Dan komen we bij het onderwerp van dit debat: referenda. De SP is ervan overtuigd dat referenda een goede aanvulling zijn op de parlementaire democratie. Zoals net al werd gezegd, wordt aankomende dinsdag inderdaad over ons voorstel gedebatteerd in de Eerste Kamer. Dat is een voorstel voor een correctief bindend referendum. Ook de SP vindt dat mensen ons moeten kunnen terugfluiten als wij hier met z'n 150'en een beslissing nemen waar mensen het niet mee eens zijn. Mensen moeten kunnen zeggen: wij fluiten jullie terug om wat jullie hebben gedaan, omdat er coalitievorming is of omdat er belangen meespelen die voor mensen niet te volgen zijn. Dat lijkt ons een uitstekend idee. Wij hopen dat een meerderheid in de Eerste Kamer dat ook vindt.

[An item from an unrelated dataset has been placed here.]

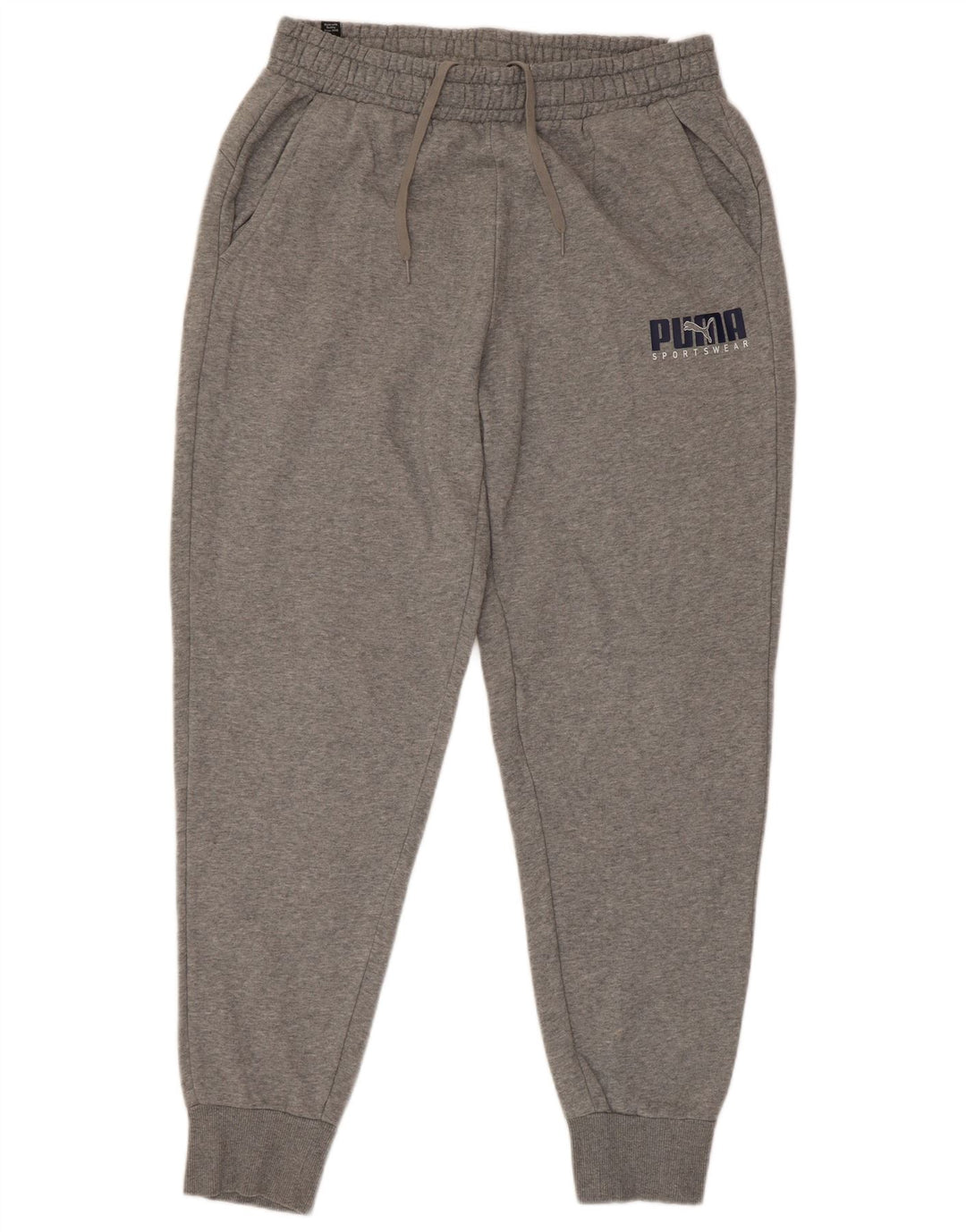 Puma Mens Graphic Tracksuit Trousers Joggers Large Grey Cotton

We horen vaak dat referenda moeilijk zijn. Alle tegenstanders komen altijd met dezelfde argumenten. Mensen zouden te dom zijn. Mensen zijn helemaal niet te dom. Je bent nooit te dom om zeggenschap te hebben over je eigen leven, je eigen buurt of je eigen land. Voor iedereen telt dat even zwaar. Een referendum zou te ingewikkeld zijn voor een ja-neevraag. Maar wat doen we hier dan? Ook hier stemmen we voor of tegen en is er geen tussenweg meer. Dus ook dat argument faalt. Dan is er nog een derde argument dat vaak wordt gebruikt om tegen referenda te zijn. Dat is: referenda passen niet bij ons parlementaire stelsel. Met het voorstel dat nu voorligt, klopt dat enigszins. Maar met een correctief bindend referendum is dat niet het geval, want dan heeft het parlement al gesproken en kunnen mensen ons terugfluiten.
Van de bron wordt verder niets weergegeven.